Entries taken from a collection:
# # # # #
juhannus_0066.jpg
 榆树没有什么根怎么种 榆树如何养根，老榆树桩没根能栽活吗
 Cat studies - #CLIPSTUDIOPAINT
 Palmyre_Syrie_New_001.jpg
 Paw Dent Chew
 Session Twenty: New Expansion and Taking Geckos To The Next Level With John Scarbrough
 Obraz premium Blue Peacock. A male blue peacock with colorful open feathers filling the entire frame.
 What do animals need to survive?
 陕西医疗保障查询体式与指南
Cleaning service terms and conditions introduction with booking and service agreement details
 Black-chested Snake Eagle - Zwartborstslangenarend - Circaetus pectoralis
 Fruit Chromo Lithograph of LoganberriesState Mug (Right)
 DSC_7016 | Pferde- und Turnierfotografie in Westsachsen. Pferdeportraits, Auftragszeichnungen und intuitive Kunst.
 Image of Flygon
# # # # #
_Try it_
Please write out, exactly as they appear, the lines from the one containing "Cat studies - #CLIPSTUDIOPAINT" through the last line of the records above, and nothing more.

_Solution to this exercise_
 Cat studies - #CLIPSTUDIOPAINT
 Palmyre_Syrie_New_001.jpg
 Paw Dent Chew
 Session Twenty: New Expansion and Taking Geckos To The Next Level With John Scarbrough
 Obraz premium Blue Peacock. A male blue peacock with colorful open feathers filling the entire frame.
 What do animals need to survive?
 陕西医疗保障查询体式与指南
Cleaning service terms and conditions introduction with booking and service agreement details
 Black-chested Snake Eagle - Zwartborstslangenarend - Circaetus pectoralis
 Fruit Chromo Lithograph of LoganberriesState Mug (Right)
 DSC_7016 | Pferde- und Turnierfotografie in Westsachsen. Pferdeportraits, Auftragszeichnungen und intuitive Kunst.
 Image of Flygon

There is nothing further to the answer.